It's been twenty years, I think, since I read a book on music.
Not long ago, the Globe ran a feature about the popularity of Professor Kelley's course on First Nights, which regularly attracts 200 or 300 students to Sanders. This is the textbook, a study of the circumstances of the premiere's of L'Orfeo, Messiah, Beethoven's 9th, the Symphonie Fantastique, and Le Sacre du Printemps, and it's very nicely done.

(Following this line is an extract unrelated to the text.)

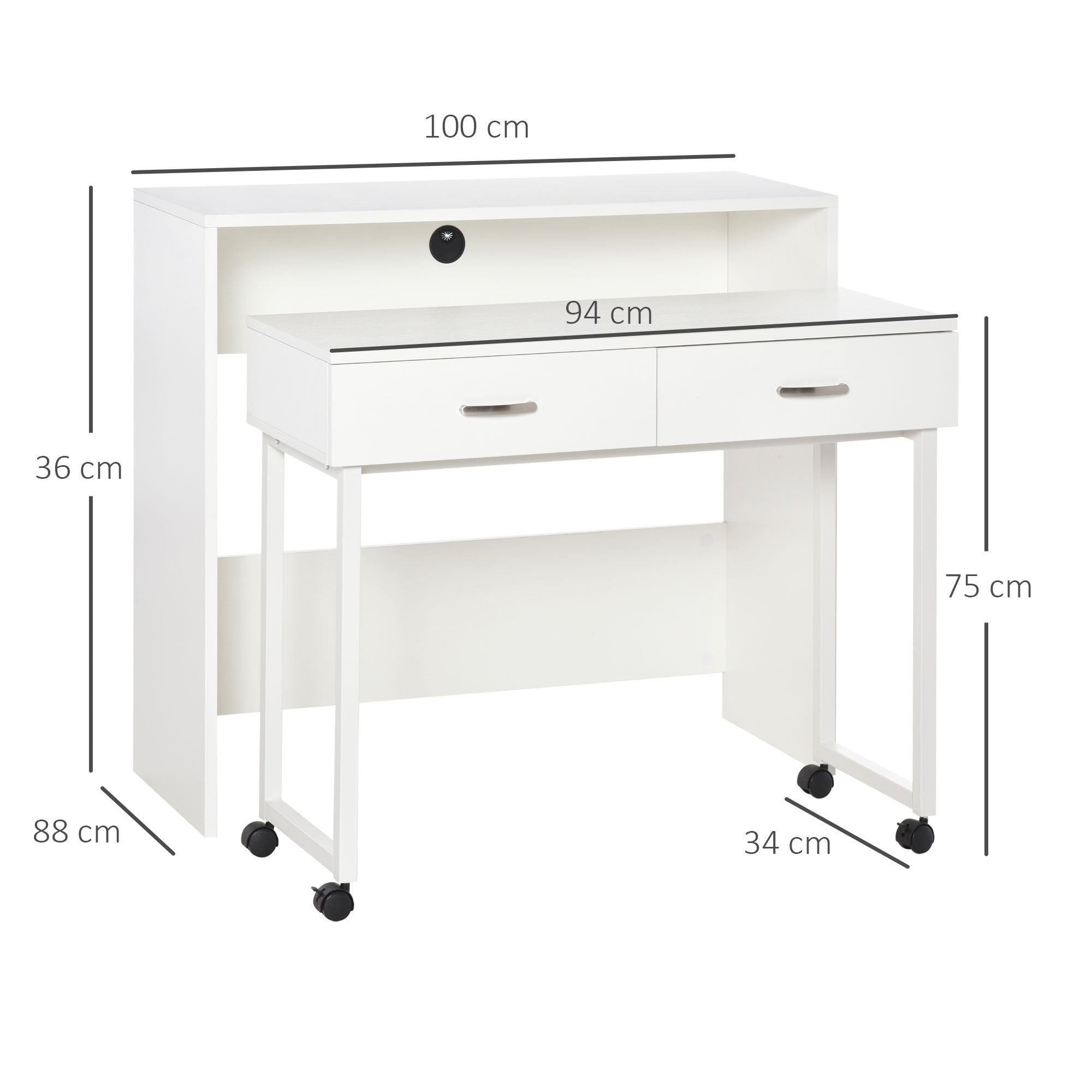Easycomfort Tavolo Scrivania Salvaspazio per Camera e Ufficio, Scrivania with Cassetti e Ruote, Postazione di Lavoro Doppia o Singola, 100x36x88cm, white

A difficulty here, perhaps unforeseen, is that the historical environment changes radically between Monteverdi and Stravinsky. In some ways the gap is small: Beethoven's premiere was organized a lot like Handel's and faced similar kinds of bureaucratic, financial, and logistical problems. Beethoven's audience (and some of his performers) attended the Berlioz premiere. But we also know Berlioz and Stravinsky (and Diaghilev and Nijinsky) in levels of detail which are opaque to use only a generation or two before. We think we can figure out where Monteverdi's work was performed, but we do know that while Getrude Stein hinted she was at the premiere she (and Alice) actually went on the second night. We know what Diaghilev wore on his hair, and in what seat Stravinsky was sitting before he walked out. Kelley tried to be rigidly parallel in his treatment, but the evidence is intractable.
In a way, too, Le Sacre du Printemps is unfortunate here because its riotous premiere is so famous. Yes, it's the most notorious premiere in history, but that raises unique questions that Kelley can't easily address without unbalancing the book. He hints that anti-semitic politics played an important role, but the hint goes nowhere. He hints at the complex personal relationship between the composer, the dancer, and the impressario, but this too goes nowhere because, in the end, Beethoven and Handel had nothing like this. If Monteverdi did, we'll never know.